Going to Dancebreak today, I think originally I had the impression that maybe I would experiment a little more with socializing given some of my recent thoughts about relations with other people.  However, arriving there I was confronted with a sense that I didn't feel like interacting with anyone.  Perhaps it's just that feeling of walking into a room of people and having to "acclimate", or maybe I just wasn't feeling it at that exact point in time.  Despite that, I feel like somehow I was actually more social than I usually am.

There was one point, however, during the night, when I stepped outside through a door to get some cool air.  Stepping outside of the noisy room, and into the open air of the night, staring at the grassy field in front of me, made me really feel something.  I felt not only at peace, but somehow as if I =belonged= there.  Not inside, with all of those other people, but outside, in the night, staring at that field of grass, listening to the quiet air.  From somewhere in a corner of my mind I had a thought to just go out there.  What would it be like?  If I forgot about dancing altogether, and just walked out there and sat down in that field of grass, by myself?

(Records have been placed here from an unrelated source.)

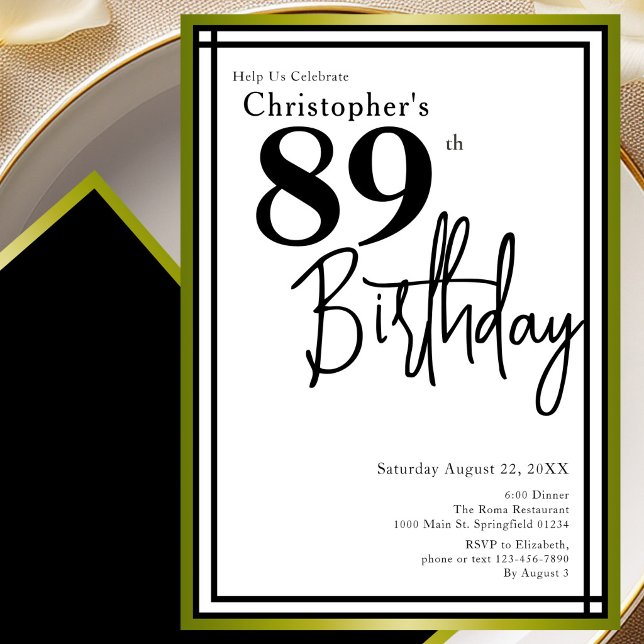 Invitation élégante pour les 89 ans avec noir et o (Créateur téléchargé)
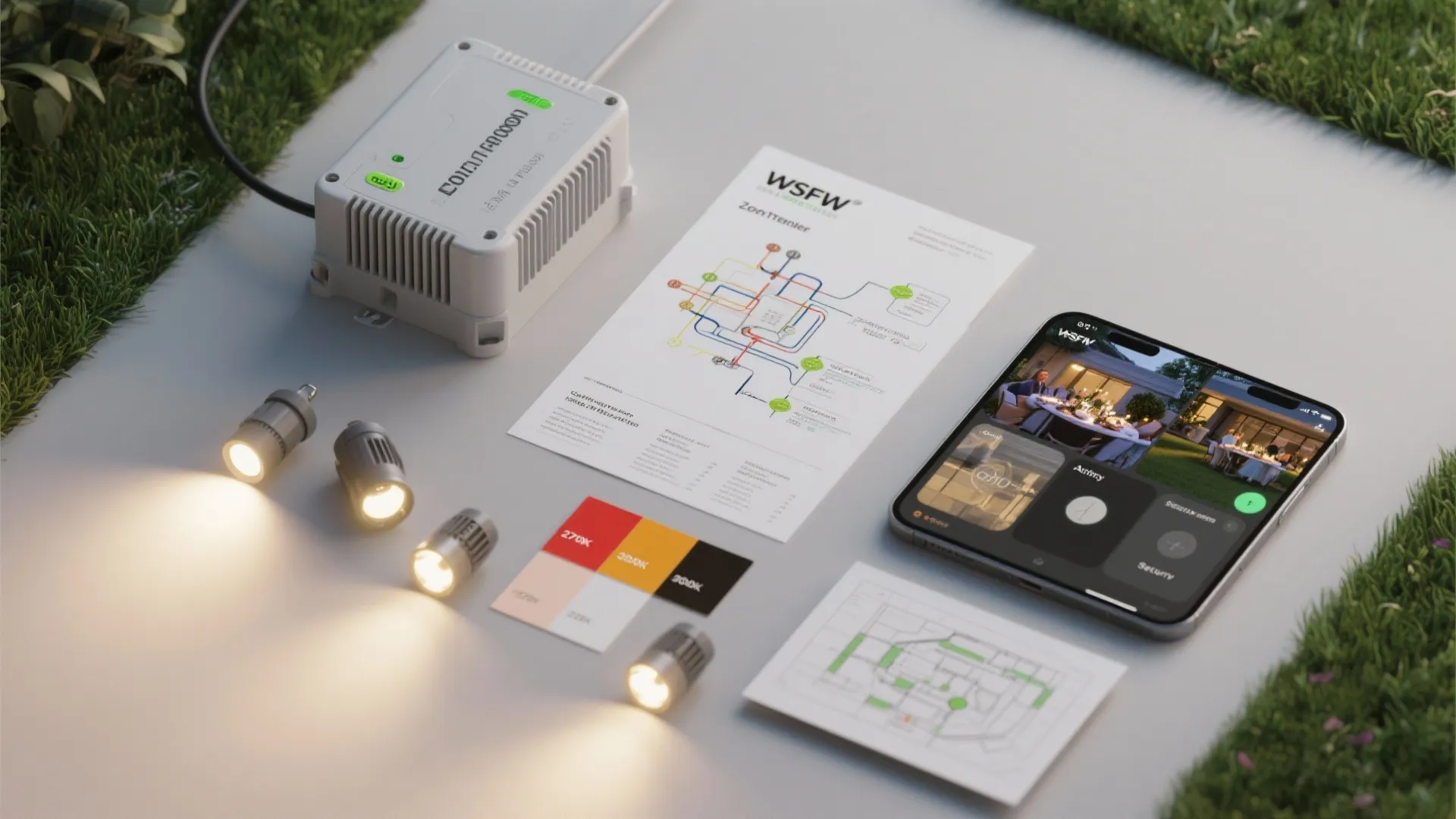 Flatlay of smart lighting components, transformer, wiring diagram, smartphone with scenes and LED samples.
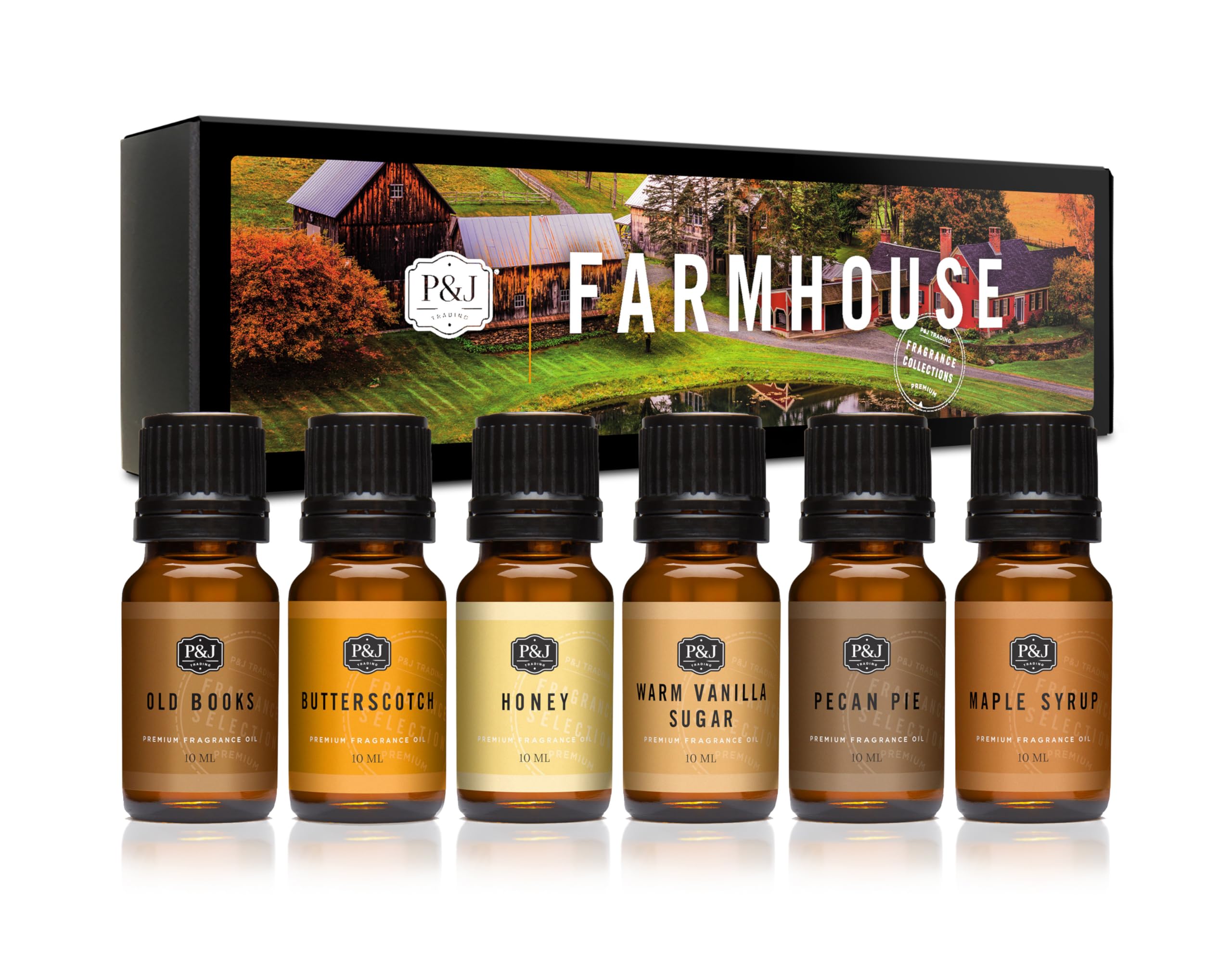 P&J Fragrance Oil Farmhouse Set | Old Books, Butterscotch, - Product Imagery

I didn't, though.  I knew that wasn't what I really wanted, not at this present time anyways.  I went back and I danced some more, talked some more.  But that short experience made me realize something about where I "belonged".  Of course, I can play the part, and have fun.  I don't always have to be in solitude, where I "belong".  But I think it helped me realize a bit about what is important to me, and what is "true" to me.

Someone told me today, that I should be true to myself and who I really am.  That person didn't know how complicated it is for me to think about being true to my "self", when I have multiple different senses of "selves".  But maybe it didn't quite matter.  Maybe this is what that meant.

I thought about the uncertainty I had been feeling recently, about how to interact with people.  How to care for people, or how to have people care for me.  But I also thought about how the second best friend I ever met at dance, was someone who I stood next to quietly without talking.  And I thought about how the best friend I ever met at dance, was someone who I once found standing outside of this same room, near the fountain of water.  Leaning against the stone, they had told me that the sound of the fountain was really beautiful.

I still hold a bit of that uncertainty in me.  Perhaps I still have not found my "true" answer to what to do about asking people to dance.  Maybe having no true answer, is also a form of answer in itself.  I'm not 100% sure.  But what I =am= certain about is that moment when I stepped outside of that world.  As if I had been transported by a magical portal to a completely different place, a place of solitude, peace, and tranquility.  =That= is something that I became certain about today.  That is something that I would not give up.  And that if I had to choose, I would always choose the empty field of grass under the night sky, over the dance floor full of people, every time.

Of course, I didn't have to choose.  That's why I decided to go back into the room tonight.  But it reminded me not to lose sight of what was actually important.  It reminded me that it is not just silence that is important to me, but solitude as well.  Perhaps someday that solitude maybe even become something to be shared, too.

There have been times in the past when I stepped outside because I felt distressed to be in a space with so many people, with so much energy.  I remember so distinctly, so many times in my life when I just wanted to run away and be alone.  To escape all of the stress, all of the pressure, all of the noise and phony people and expectations and conventions.  Today, though, I stepped outside not because I needed to run away, but simply because I wanted to be there.  Because somehow, that's where I belonged.

I worried a lot, about how maybe solitude and being alone has always been triggered out of a fear of being around people.  A way to run away from what might hurt me.  But it's not.  It's just something that feels "right" to me, is what I realized.